Rodrigo Fonseca
Embora a conjugação de palavras, imagens e exumação de signos, em uma estrutura de puzzle ou (como dizia Cortázar) de “jogo da amarelinha”, faça parte do léxico cinematográfico de Jean-Luc Godard desde “A chinesa”, em 1967, a busca dele pelo osso dos símbolos não estacionou em procedimentos reiterativos: cada novo filme traz uma nova variável ao jogo de sentidos. Rodrigo Fonseca
Uma semana antes de conquistar uma Palma de Ouro especial, em Cannes, por “Imagem e palavra” (“Le livre d’image”), um colírio semiótico, construído como ensaio documental, para abrir nossos olhos sobre nossa subserviência às narrativas, Godard (aos 88 anos) deu uma entrevista via Facetime para explicar certas escolhas: “As filmagens deste projeto não foram ação, foram arquivos: preciso do passado para falar do futuro”. O passado ganha os contornos de “Johnny Guitar” (1954), faroeste de afirmação do feminino (ou do feminismo, pra parte respeitosa da crítica), numa aparição de Joan Crawford e Sterling Hayden. O western é de Nicholas Ray (1911-1979), diretor cujo humanismo desmesurado e a rejeição à ordem burguesa encantou Godard e seus colegas de Nouvelle Vague, o movimento que modernizou a prática cinematográfica na França, entre os anos 1950 e 60, num engajamento em causas políticas e revisões comportamentais.
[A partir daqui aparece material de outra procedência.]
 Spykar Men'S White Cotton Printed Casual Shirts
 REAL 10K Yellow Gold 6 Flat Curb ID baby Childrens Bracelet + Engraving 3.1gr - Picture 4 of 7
O fragmento de Ray entra como um farol numa colagem (a expressão godardiana por excelência de 2001 pra cá) de cenas de batalha, de terrorismos, de publicidades. A mesma iluminação se dá ao redor deum frame de “Tubarão”, de Spielberg, usado com ironia. Todas as citações cinéfilas, que vão se descontruindo conforme Godard vai superpondo a elas uma narração filosófica. “O som, no cinema, precisa ser pensado de outra forma, autônoma, como se fosse um organismo à parte da imagem. Complementar, claro, mas com significação em si”, defende ele. Mastigando e dilacerando signos jornalísticos ou ficcionais, o diretor cria uma linha de debate na qual questiona as representações acusatórias ao Estado Islâmico, para desnudar um discurso de construção de vilania e culpa, e confronta o onipresente imperialismo do cinema americano. Enfim, é o que o cineasta – nascido em Paris em 3 de dezembro de 1930, mas naturalizado suíço – sempre faz, desde “Acossado” (1960): seus experimentos são filme, são semiologia, mas são, antes de tudo, Godard, uma grife de digressões. E reações. O resultado plástico e o discursivo não têm, como espetáculo, o vigor de “Nossa música” (2004), o melhor longa dele neste século, mas há potência de sobra, a ser digerida aos poucos, sob azias morais.